The Wagner Daily


Total market volume fell off sharply ahead of the three-day holiday weekend, but the resilient broad market refused to give up any of its recent gains last Friday. The Nasdaq Composite added another 0.2% on to the previous day’s 1.0% gain and set its highest closing price since the March 7 peak. The S&P 500 similarly closed 0.1% higher, but the Dow Jones Industrial Average closed flat. As we often see ahead of holiday weekends, the broad market lacked volatility and momentum in Friday’s session. The S&P 500, for example, traded in a narrow intraday range of only 4 points, its tightest range day since February 14. The lazy action of the indices was not surprising considering that volume in the Nasdaq declined by 23%, while total volume in the NYSE came in 19% lighter than the previous day.

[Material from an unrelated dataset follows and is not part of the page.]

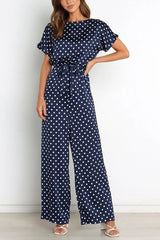 Dot Tie Waist Jumpsuits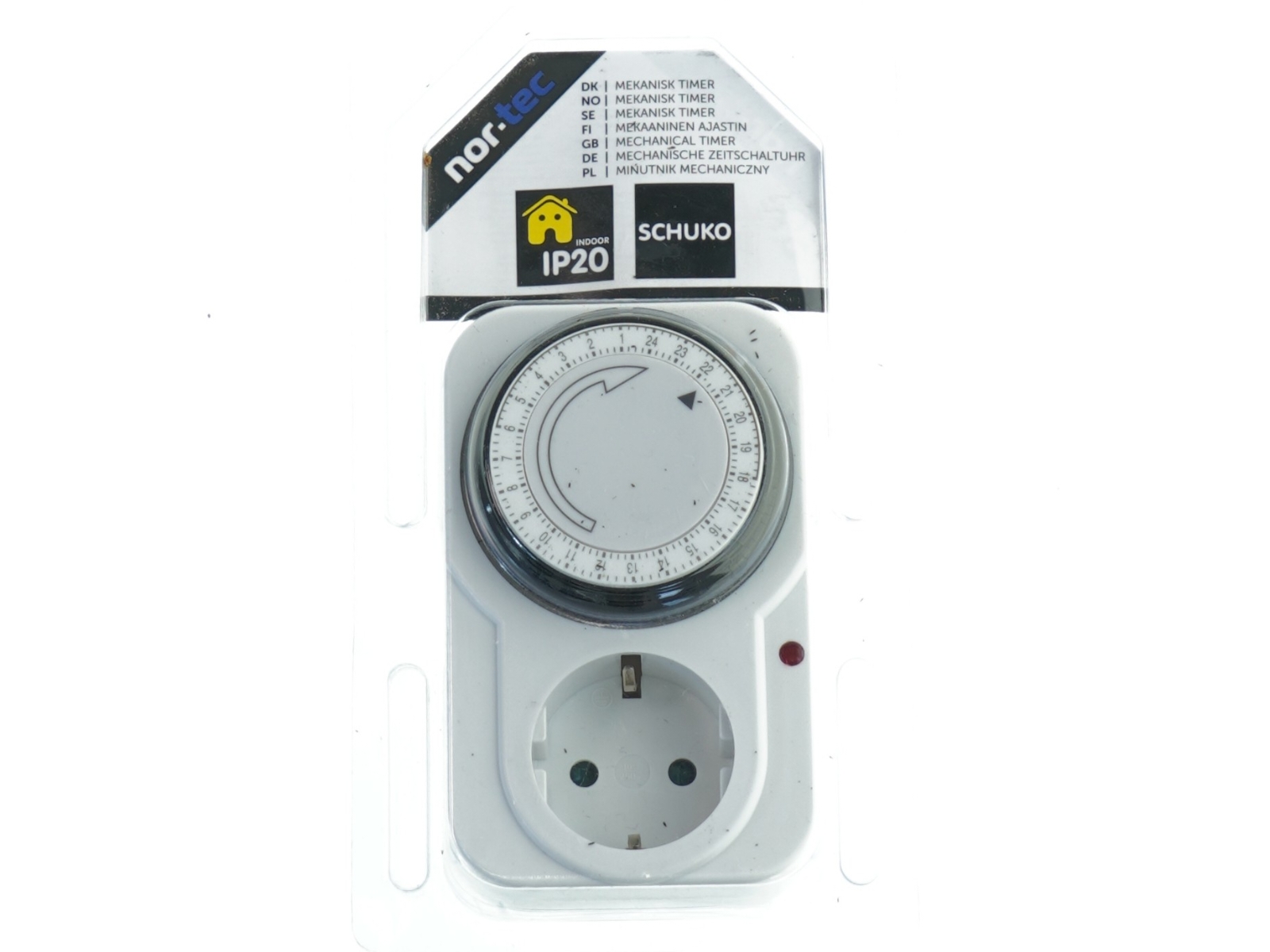 Mekanisk timer stikkontakt fra nor.tec (str. 12x7,5 cm)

Looking at the daily charts of the major indices, the relative strength and bullish divergence of the Nasdaq Composite quickly becomes apparent. The index has closed higher in ten of the last eleven days, with more than half of those sessions being institutional “accumulation days” (higher closing price and on higher volume). One could reasonably argue that the Nasdaq is short-term “overbought” on a technical level, but remember that stocks and indices can remain that way for a long time. It is unwise and often costly to predict the top of a sharply uptrending index, but we can look at major areas of price resistance in order to determine where an index is likely to experience at least a short-term price correction. The red horizontal line on the weekly chart below illustrates the Nasdaq’s next area of major price resistance, which was formed in the first quarter of 2005. The blue horizontal line shows the major support area if the index corrects in the coming week:

Overhead resistance levels on the S&P 500 are not as clearly defined, as there is resistance from here all the way up to the March high. However, minor support has now formed at the 1,191 area, as illustrated by the blue horizontal line on the chart of the S&P 500 below:

The Dow Jones Industrial Average remains the weakest of the three major indices. While the Nasdaq has been steadily climbing higher for the past week, the Dow has been trading sideways. Unlike both the Nasdaq and the S&P, the Dow remains stuck below resistance of its prior highs from March and April. The red horizontal line on the chart below illustrates resistance of the prior high. Support is at the 200-day moving average (the teal colored line), which also converges with support of the prior highs from early May:

Notice that we used a weekly chart to discuss the Nasdaq Composite, but used daily charts to annotate support and resistance levels on the S&P and Dow. This is because the Nasdaq has rallied so fast that we must look much further back to see the major areas of resistance. Conversely, the Dow has yet to even rally above its April high. The S&P has barely done so.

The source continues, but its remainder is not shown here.